Economists have called on African states to be cautious with borrowing excessively from external investors as it could pose a serious threat to their economies.

Mr Tirivangani Mutazu, a Policy Analyst for Debt Management, with the African Forum and Network on Debt and Development (AFRODAD), said a number of African countries were experiencing difficulties in servicing their debts.

He said as some were in arrears, others had impending debt restructuring, and many others had indications of high probability of future debt distress.

He said this at a “Debt Advocacy Forum” organised in Accra.

The event, organised by Grassroots Africa and AFRODAD to discuss debt management and borrowing by African states, was held under the theme, ‘Interrogating Ghana’s debt management strategy: Lessons for West African states.’
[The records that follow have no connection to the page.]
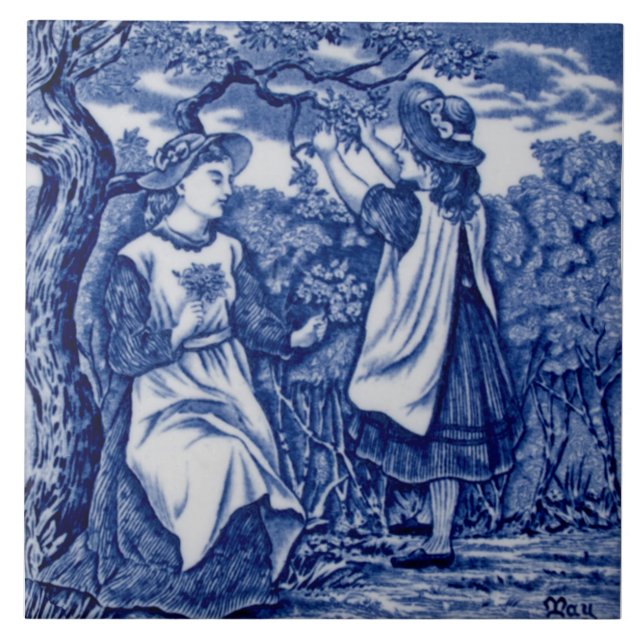 Azulejo De Cerâmica Calendário de maio: Repro Antique Wedgwood (Frente)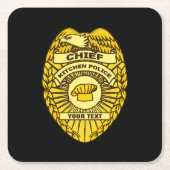 Hoofd Keukenpolitie-badge Kartonnen Onderzetters (Voorkant)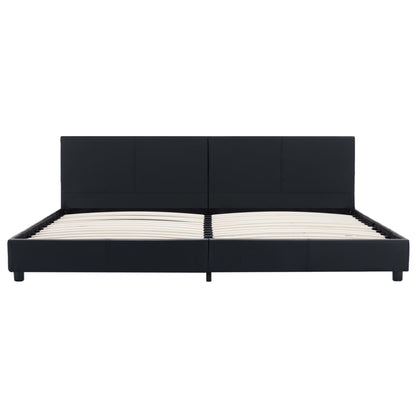 Bedframe kunstleer zwart 180x200 cm
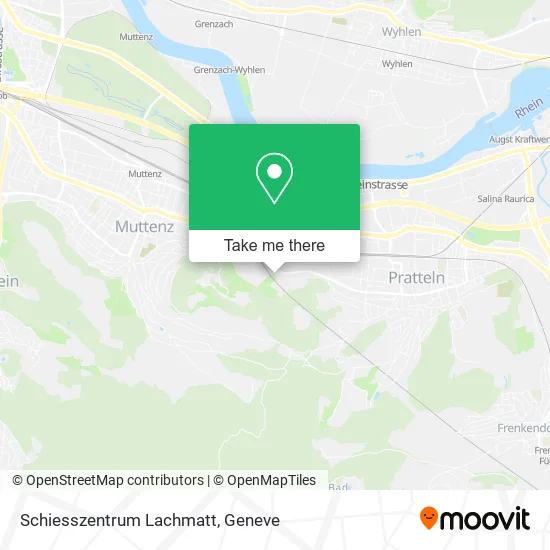 Schiesszentrum Lachmatt map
The forum was also an effort to highlight the need to reduce borrowing from external sources and ensure that debt management processes were transparent and accountable.

Mr Mutazu said about 15 per cent of African countries were in debt distress and the same fate awaited about 28 per cent of countries that were experiencing higher risk of debt distress.

He said only seven per cent out of more than 53 countries, Uganda, Morocco, Libya, Botswana, Lesotho, Rwanda, Senegal, and Tanzania were faced with low risk of debt crisis.

Mr Mutazu said the current debt servicing, which was the repayment of interest and principal, took up 20 per cent of governments’ annual budgets and this leaves some countries with tight fiscal space to focus on important government issues like reducing poverty, and realising national development plans and the sustainable development goals.

In as much as borrowing could promote growth and act as a useful development tool, unsustainable borrowing could be a problem especially for countries with poor investment choices and debt servicing potential lower than expected, he said.

This, he said, posed major development obstacle that led countries to lag behind in their commitments to national and global development plans.

Mr Mutazu recommended that Ghana continues to improve the management of its sustainable debts strategies, fix its financial sector fragilities and pursue the fiscal responsibility law recently passed by Parliament to maintain public debt below the established threshold of 65 per cent of Gross Domestic Product.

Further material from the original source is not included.